Key Takeaways from “Improving Data Mobility & Management for International Climate Science” CrossConnects Workshop
The second CrossConnects Workshop, a collaboration between Internet2 and ESnet focused on bringing domain scientists together with network engineers, was held July 14-16. “Improving Data Mobility & Management for International Climate Science,” hosted by NOAA’s Boulder Lab, focused on science drivers, facilities and best practices and allowed key stakeholders to discuss and brainstorm. One of the major goals of the workshop was to help establish a clear priority from the climate community to help serve them better and more efficiently.
Keynotes included Dr. Alexander “Sandy” MacDonald on the science that drives the data issues and Dr. Venkatramani Balaji, Head of the Modeling Systems Group for NOAA/GFDL and Princeton University, focused on the intersection of science and software (the use of information technology to facilitate the science).

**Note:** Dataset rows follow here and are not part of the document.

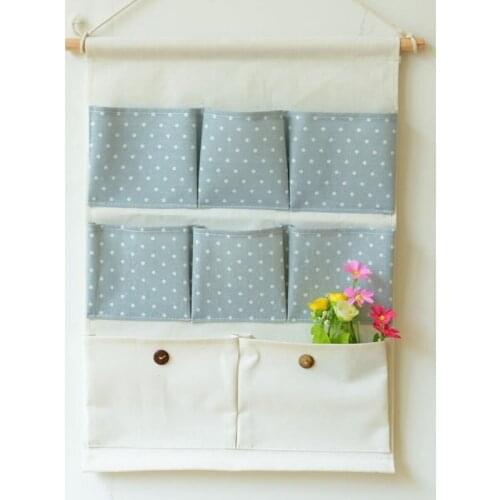 Home 8 Pocket canvas Hanging Wall l Storage Hanging Bag home door bag bedroom fresh Fabric Decoration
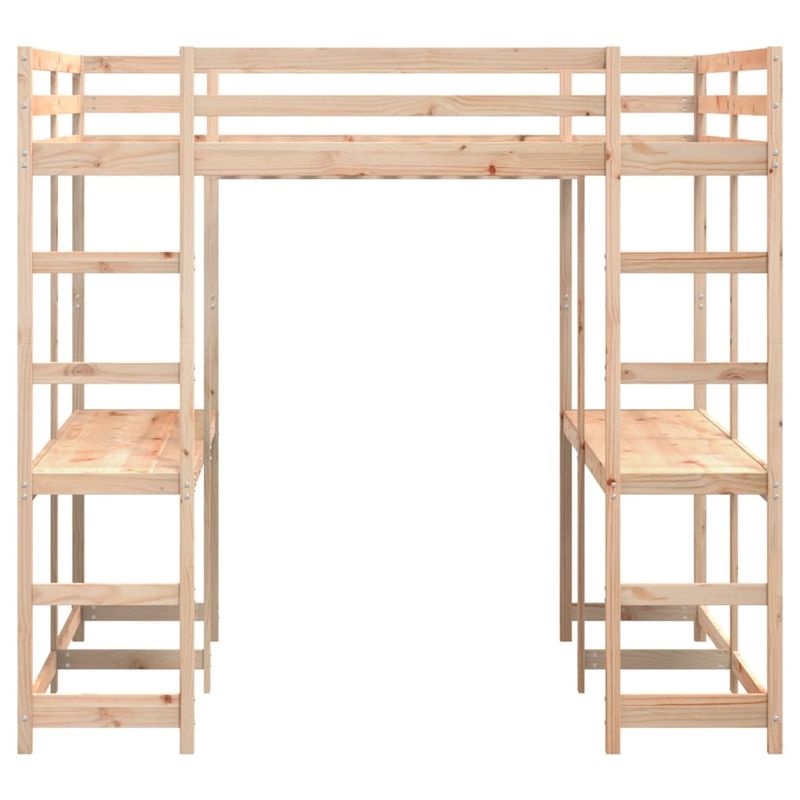 Casa si Gradina - Mobilier - Paturi si accesorii - Paturi - Cadru pat supraetajat cu birou/scara, 180x200 cm, lemn pin - Infinity.ro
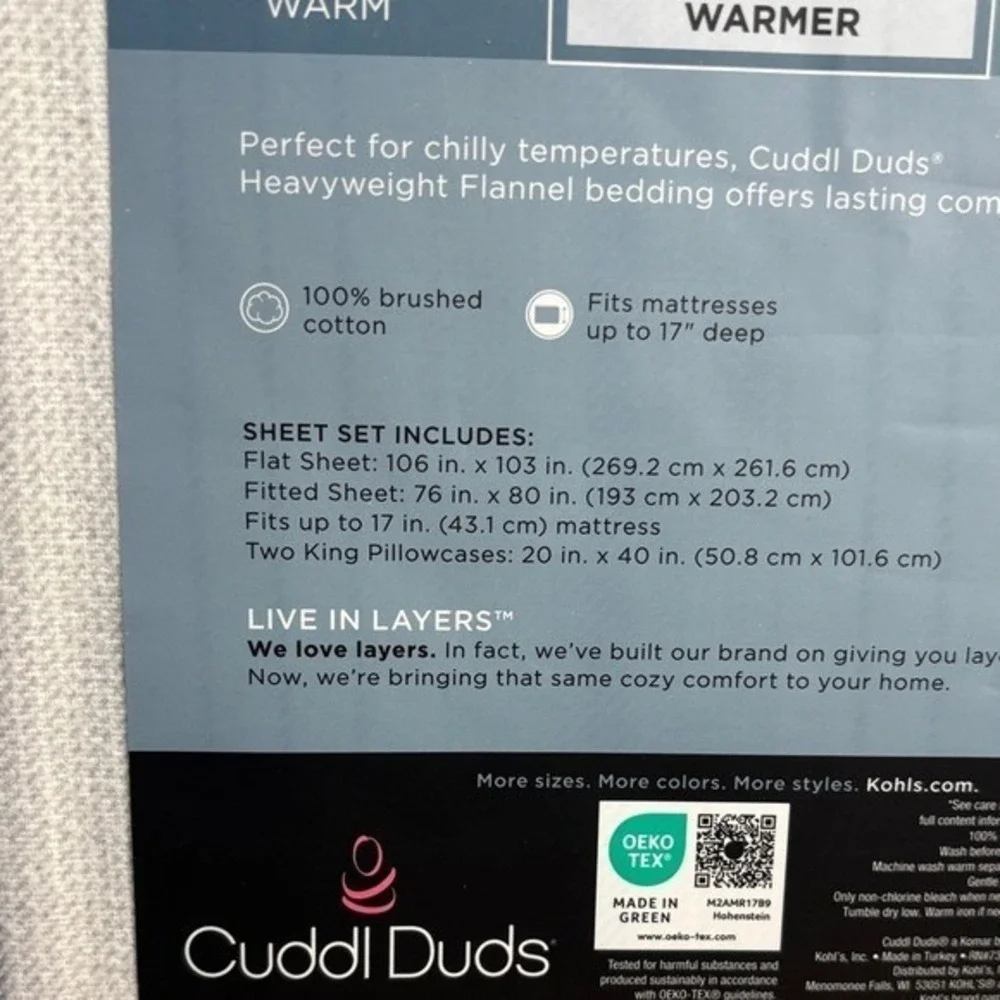 Cuddl Duds King Heavyweight Flannel Sheet Set Light Blue Striped Gift NEW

Through presentations and ample discussion between the key stakeholders from multiple agencies and programs, the goal was to provide the climate science community with the knowledge, tools, and partners necessary to improve data transfer performance as data scale continues to increase.
Key takeaways from the workshop include:
- Knowledgebase for Climate focused workflow tools (like fasterdata.es.net)

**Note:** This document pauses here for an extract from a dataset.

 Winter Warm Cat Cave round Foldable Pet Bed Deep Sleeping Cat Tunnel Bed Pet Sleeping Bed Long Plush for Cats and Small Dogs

- Find the common themes and questions that are asked by multiple researchers, many times. What are those common cases and common end-points/data centers/computational facilities?

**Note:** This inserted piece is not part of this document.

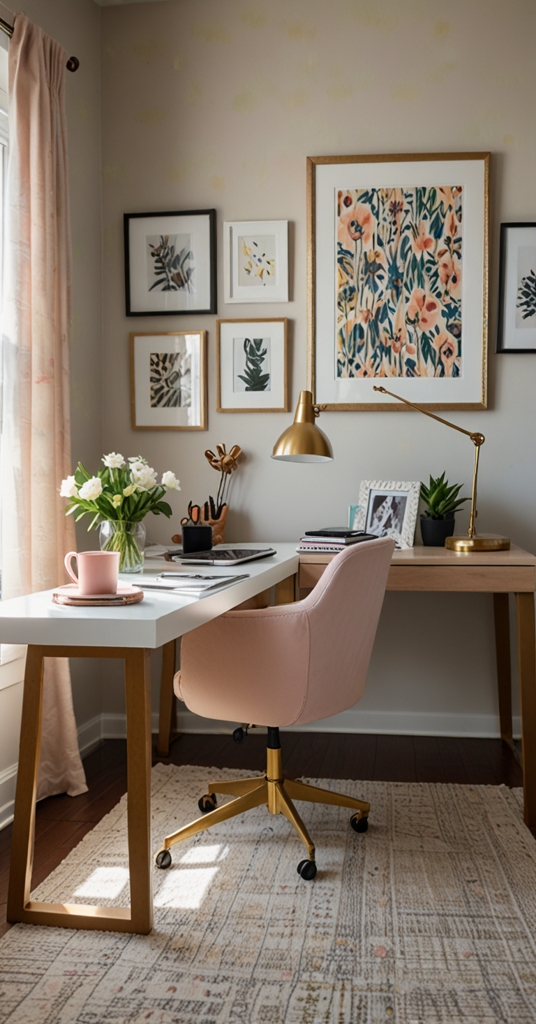 home office design, stylish office decor, modern work space, chic desk accessories, elegant office furniture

- Should processing be where the data is or do we move the data to where the processing is? What does the science community want? A deep discussion ensued on this topic.
- Does the community need a service interface?
- Data origin is important - does it get affected when data moves around? Do you lose clarity on what’s the true source?
- How do you deal with data that is exascale - do you just replicate it in a few places and then deal with extracting a subset or just run the model where the data is?
- Server side analysis - build a virtual computer around the world
- Another way to view the question - where do you put the funding and IT responsibility if you put the responsibility of curation of data on the end user?
- Relevant tools - any tools that caught people’s attention?